The rain began before dawn, fine as silk and near-silent. It slid down the terraces in slow rivulets, carrying fragments of lantern ash and the faint scent of copper. By the time Wenrel woke, the city already felt muted, as if Sunspire itself was holding its breath.
He walked the empty corridors of the eastern hall. Every few steps, he brushed his fingers along the carved sigils in the wall — not to read them, but to remind himself they still held. The wards pulsed faintly, steady but strained.
Elaris joined him at the balcony. She looked tired, her eyes red at the edges, but her voice was steady. "The apprentice confessed more during the night. Kael's network isn't just local. He has sympathizers in the southern courts — nobles, artisans, even some who study under the Veilcraft's minor sects. They think they're following a philosophy. They don't understand what they're building."
Wenrel watched the streets below. The rain caught in the ropes and glimmered like a thousand threads. "Philosophy doesn't bend light," he said quietly.
"Belief does," Elaris replied. "Enough people believing in the wrong cadence, and the city's rhythm shifts. The world listens when conviction hums loud enough."
He didn't answer. She was right, and that frightened him more than Kael's precision ever could.
By midday, Lysara convened the Court. The central chamber glowed dimly; sigils rotated faintly in the air like fragments of forgotten stars. Tavren leaned on his spear, Jorveth adjusted his instruments, and a low hum filled the space — the resonance of a city under strain.
Lysara's tone left no room for softness. "Kael is not the disease. He is the proof of one. Something older is teaching through him — shaping the doctrine that drives these distortions. Elaris's research suggests the tremors extend beyond the city's outer rings. We've traced faint harmonic shifts in the Titan Trees."
At that, the room fell silent. Even the instruments dimmed. The Titan Trees were ancient — older than Sunspire, older than written time. If their resonance wavered, it meant something vast had touched the world's understructure.
Wenrel's pulse quickened. "Could Kael reach that far?"
Lysara met his eyes. "No. But he might have heard something that could."

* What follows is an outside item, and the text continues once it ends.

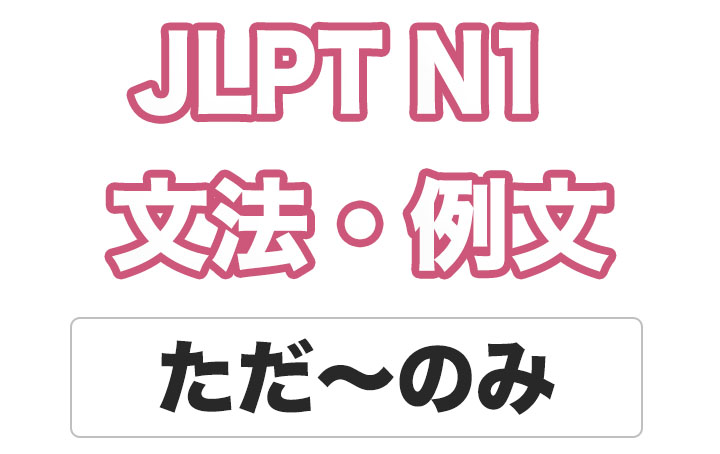 JLPT N１】文法・例文：ただ〜のみ - 日本語NET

The meeting ended in quiet urgency. Plans whispered, patrols reassigned, sigils redrawn. Wenrel stayed behind, staring at the fading echo of the Court's hum. Something in it was off — a minor dissonance, almost imperceptible. He followed it through the corridors, down to the old vaults below the hall.
The vault was dark, save for the faint light of suspended threads — archive resonances storing echoes of past events. Wenrel placed his hand against one, and for a heartbeat, felt not memory but attention. Something else was listening from the other side of the veil, its curiosity sharp and cold.
He withdrew his hand quickly. The thread dimmed, but the sense of being observed lingered, like breath on glass.
Later, when night came, Wenrel stood on the northern terrace. The rain had stopped, but the air still tasted of iron. He closed his eyes and reached into the cadence of the city. What he felt was neither chaos nor harmony, but a quiet recalibration — as though the world was rewriting its own rhythm to accommodate something new.
And far above the mist, past the unseen canopy of the Titan Trees, a single thread quivered — thin, bright, impossibly distant. It was not of Sunspire. It was not of Aevum.
Wenrel opened his eyes, realizing he could feel it.
The world had grown larger overnight.